The latest CRISPR patent case aims to do what the first didn’t: determine who gets rights to the gene editing technology in eukaryotic cells, a category that covers almost all the cell types that matter to drug developers.
The outcome is likely to shake up the IP rights of CRISPR companies, with the stakes highest for the most advanced biotechs whose therapies rely on CRISPR-Cas9, the foundational technology.
Last week, two new players entered the limelight, with the potential to throw a wrench into the already complex works.
On June 24, the Patent and Trial Appeals Board (PTAB) of U.S. Patent and Trademark Office (USPTO) declared an interference between the University of California and the Broad Institute of MIT and Harvard. The case involves a large set of patents and applications, all of which cover use of CRISPR-Cas9 gene editing in eukaryotic cells.

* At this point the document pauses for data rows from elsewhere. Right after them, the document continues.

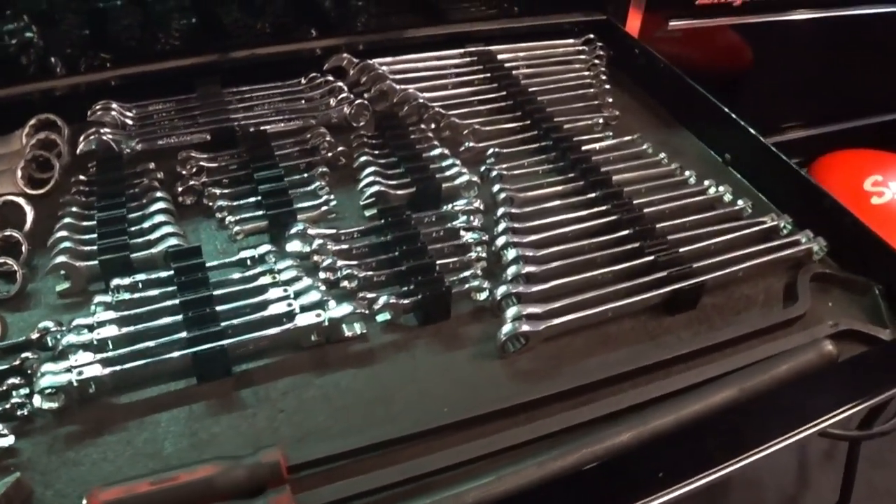I don't have that many wrenches — I definitely need to step up my wrench game compared to Rust Belt and GRC54. Those guys did some reviews and organized their boxes with the Toolbox Widget and they look absolutely amazing. I'm going to put links to their channels in the description. If you guys haven't checked them out, you need to go check them out — they're putting out great content.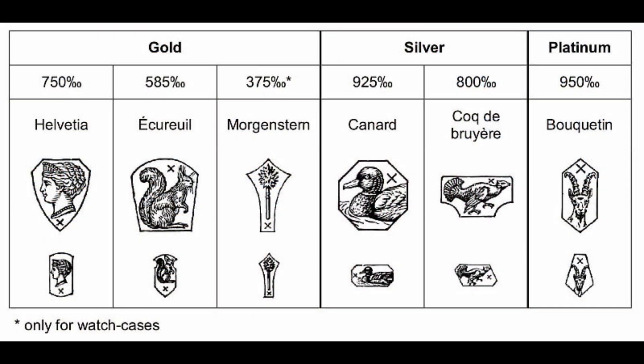What you see on screen now are the old hallmark standards. A very common one was the head of Helvetia for 18-carat gold, and the squirrel for 14-carat gold. You can also see the old hallmark for platinum and, for example, the canard for sterling silver.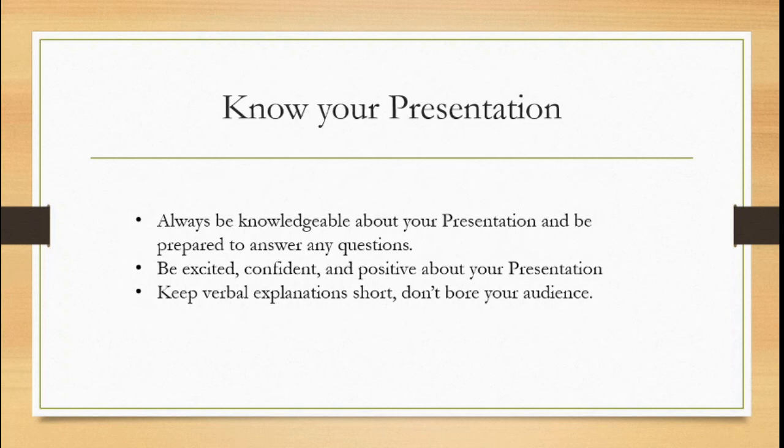Keep verbal explanations short — don't bore your audience. When people get nervous, they'll either speak too briefly and leave out information, or they'll go the other way and talk too long, repeat themselves, and say things that don't need to be said. Being verbose can bore your audience, and once you verge on boredom you start to verge on annoying — neither of which is a good impression to make. Always try to keep your verbal explanations short; these are visual presentations, so most of what needs explaining should be apparent in the visual elements themselves.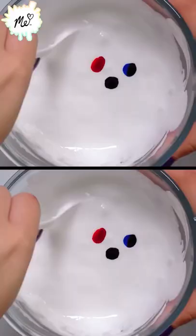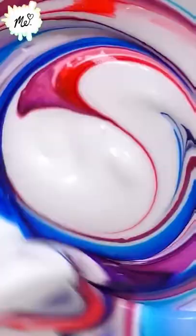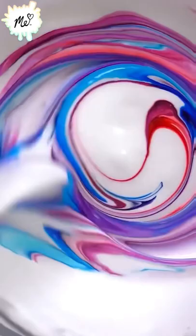Add your food coloring however you like. Then we just mix that up and look at how beautiful it is. Beautiful. Wonderful.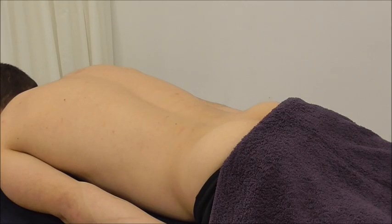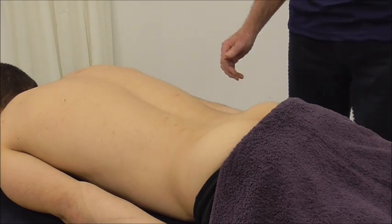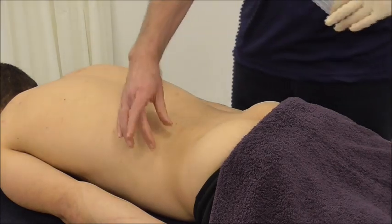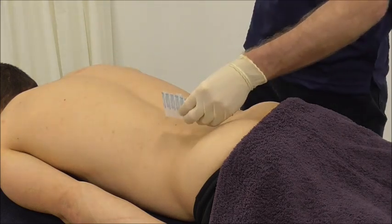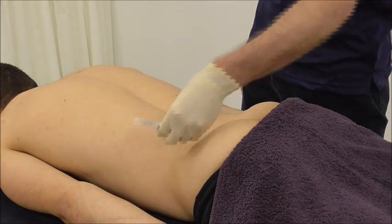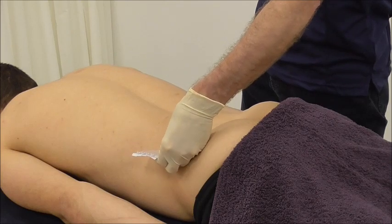If I want to needle the iliocostalis, the technique is broadly similar, but because I'm further out the muscle is thinner, so my angle rather than being 45 degrees would be about 20 degrees to the skin.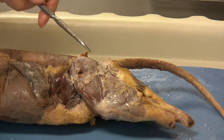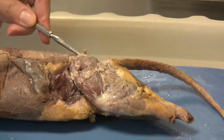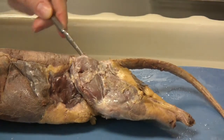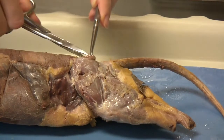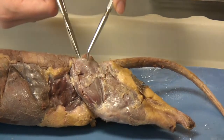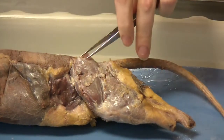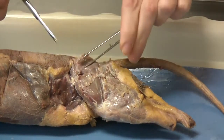Then you will use your blunt dissecting probe to go underneath this layer of musculature and loosen it. Then take your scissors and snip in a circular motion around the edges to remove the gluteus maximus completely. Pause to loosen as much as needed.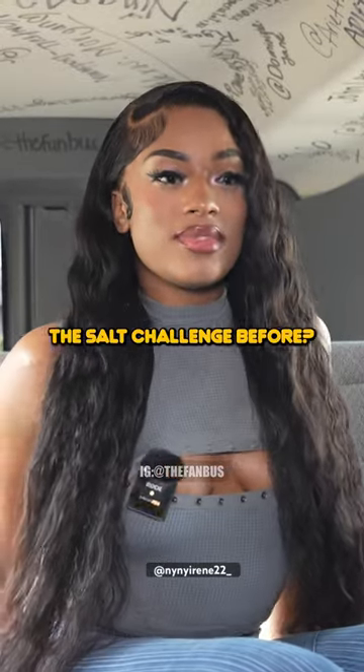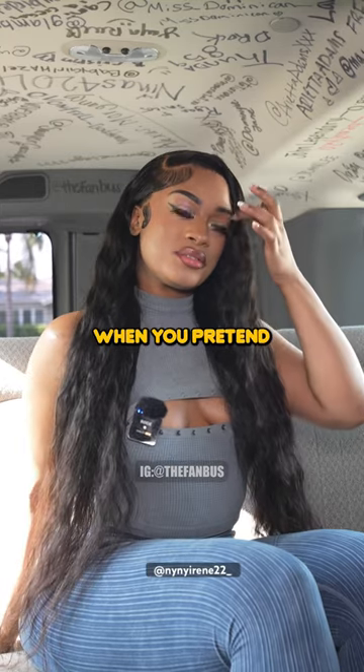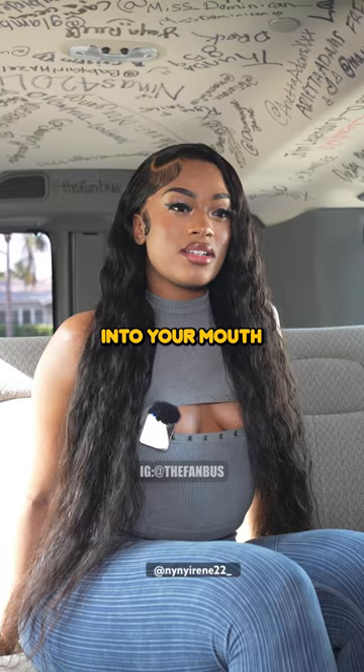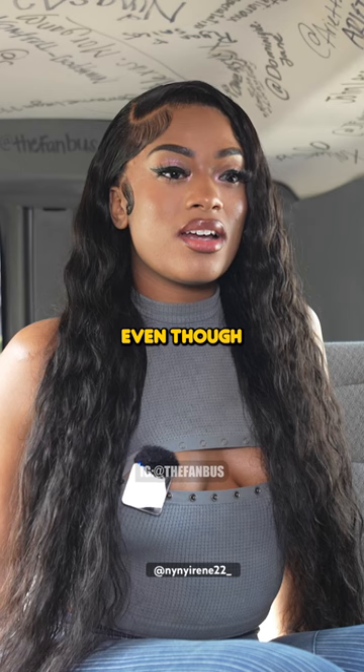Have you ever heard of the salt challenge before? No, what is that? So the salt challenge is when you pretend that you're holding a salt shaker and you shake salt into your mouth. They say that if you shake it long and hard enough, you can actually taste the salt even though it's not there.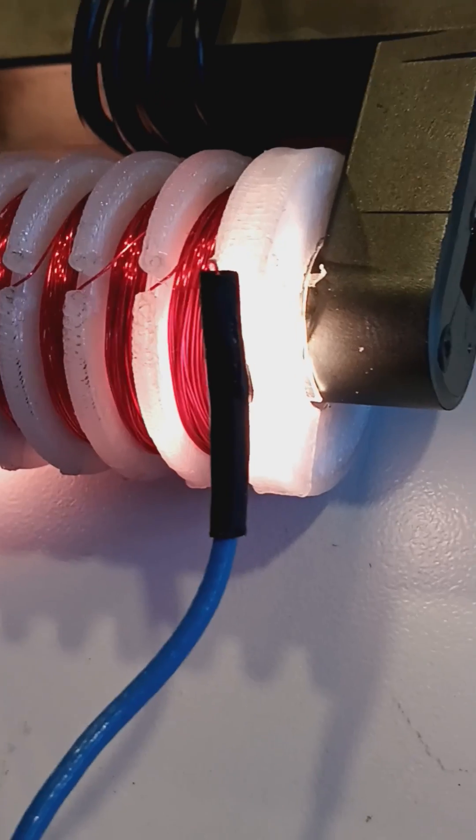And there it is again — glowing. It's not going to work. What the hell is lighting up? Wow, everything lit up.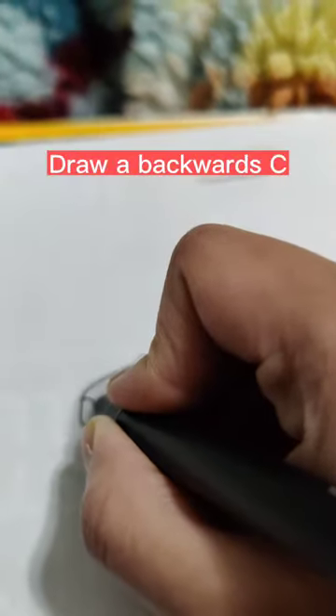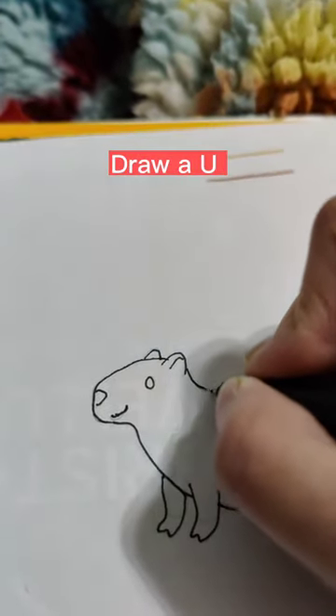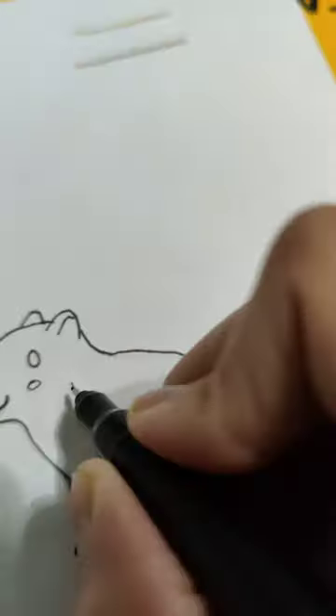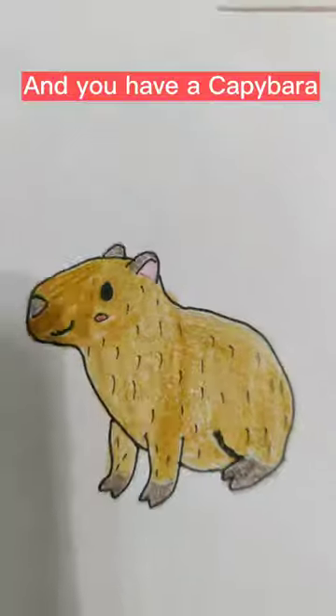Draw a backwards C. Add a U and an oval. Draw a U. Add a N. Add lines for fur. Color. And you have a capybara.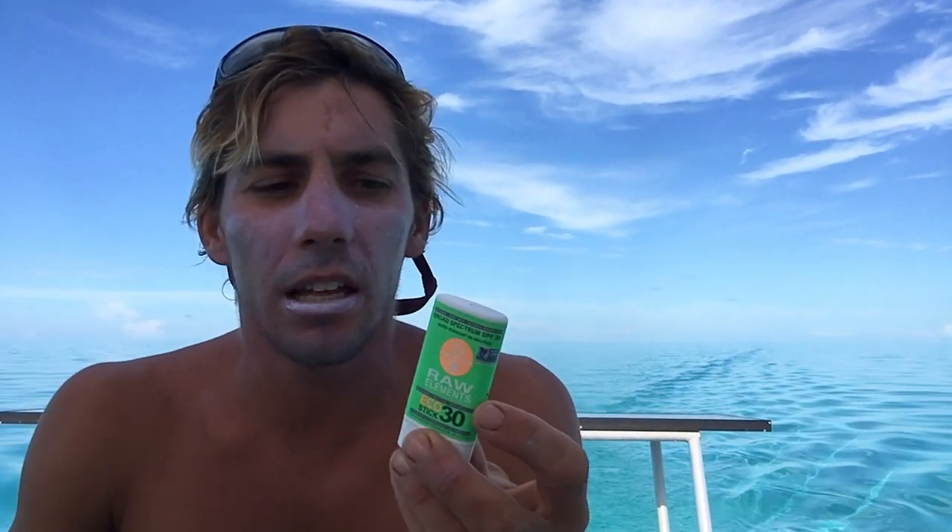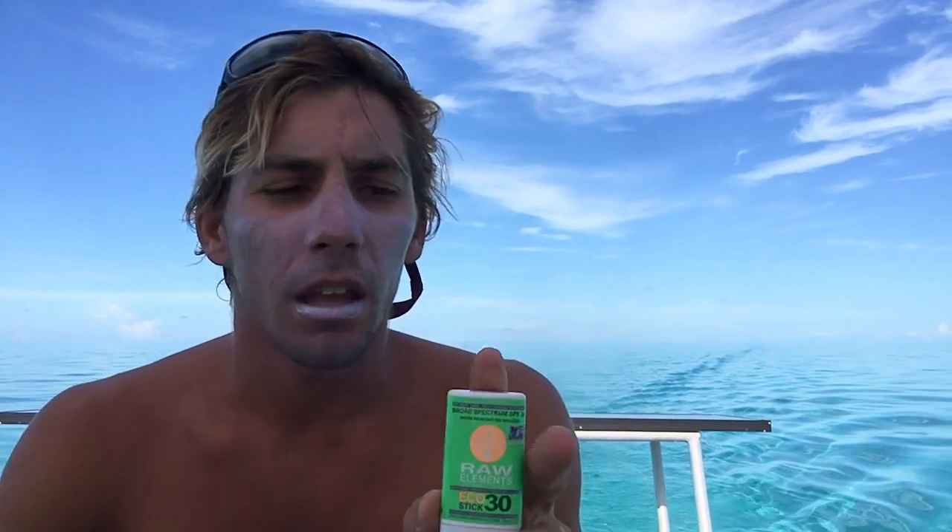They also make the same stick in a tinted formula, so if you don't like the white, it's a natural skin tint that blends in a little better. I like the white so I know where it is and when I need to reapply, because I'm out in the sun all day long. In the summer I'm lifeguarding every day, and in the winter I'm teaching kiteboard lessons on the water all day long.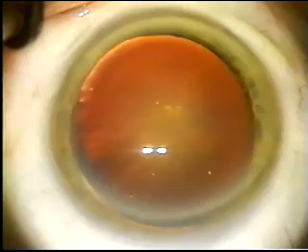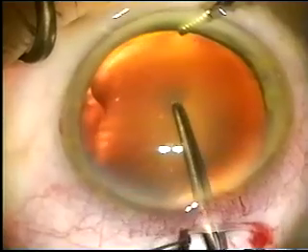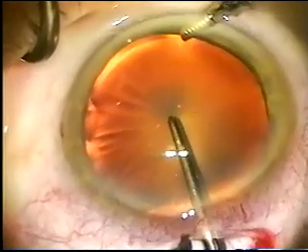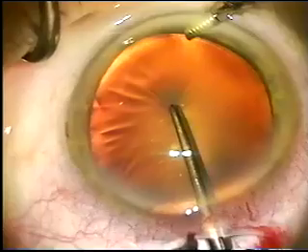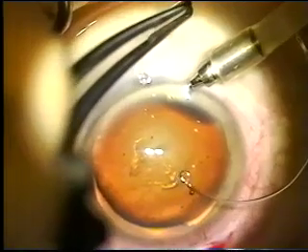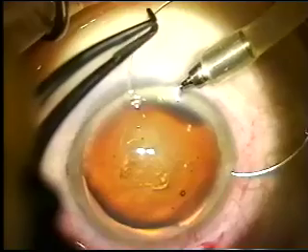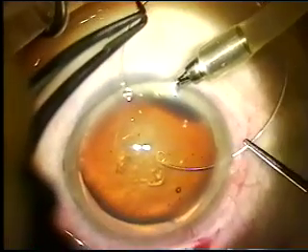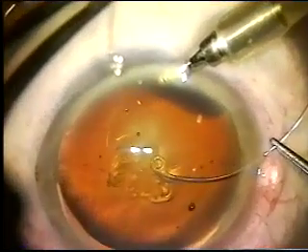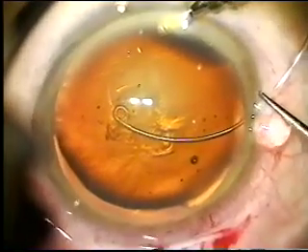In this traumatic cataract, you can see the lens is decentered inferiorly and moves excessively with attempted puncture of the anterior capsule. A sharp instrument was used to start the capsulorhexis. It was completed without difficulty, and in this situation we are threading the endocapsular ring through a paracentesis, again pushing toward the area of zonular dehiscence.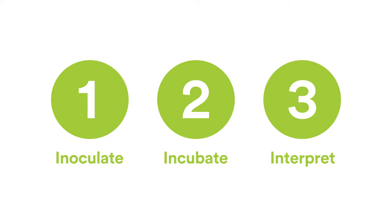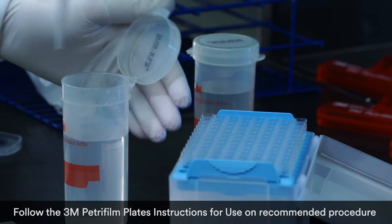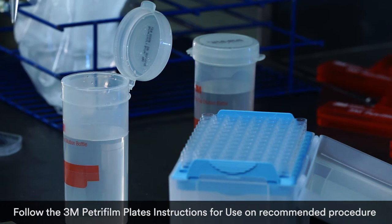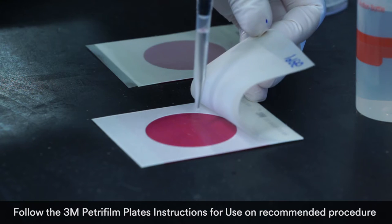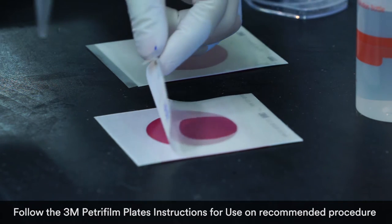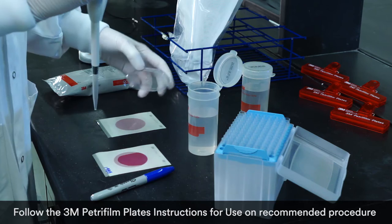With 3M Petrifilm plates there are just three simple steps to getting consistent, reliable test results. Step one: inoculate. Each slim pack of Petrifilm plates contains uniform testing media. Simply open the pack, take out one plate, lift the top film, and dispense one milliliter of the prepared diluent onto the center of the bottom film. No cumbersome, time-consuming agar prep required.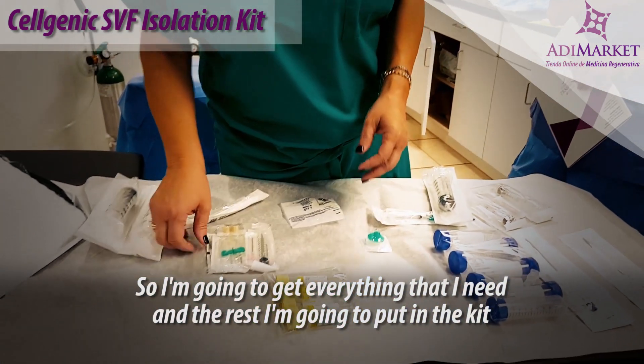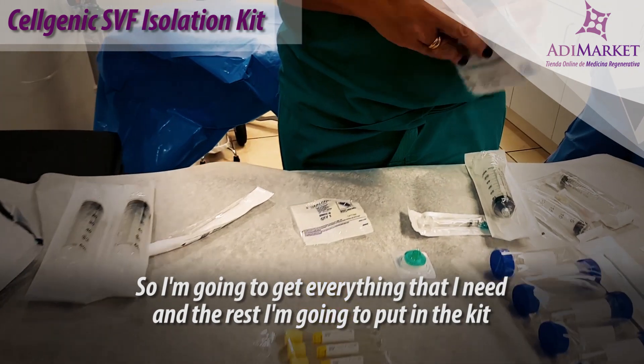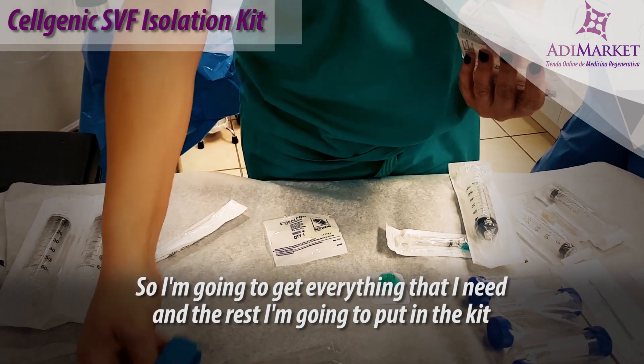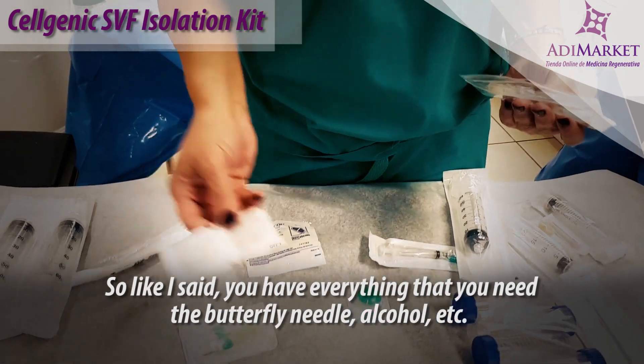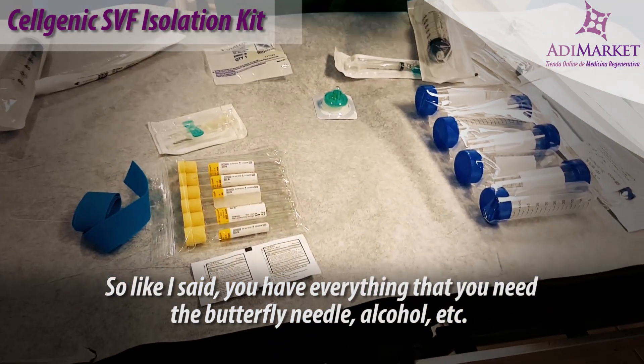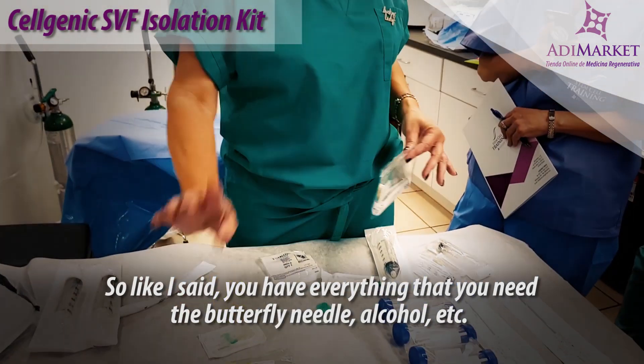I'm going to get everything that I need and put the rest back in the kit. You have everything you need: the butterfly needle, alcohol, and the water.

This is the second time the two parties have met in an interference, and it comes just nine months after the first case concluded with a “no interference in fact” determination, meaning the groups’ claims were determined different enough to be separately patentable (see “No Crisp Upper Hand In CRISPR”).
While the highly anticipated first decision did little to resolve the question of CRISPR ownership, the consensus among five patent attorneys and CRISPR legal scholars interviewed by BioCentury is that this time it is likely to be different, given PTAB’s systematic review of the eukaryotic claims.
"This is really extraordinary. It could blow the lid off everything."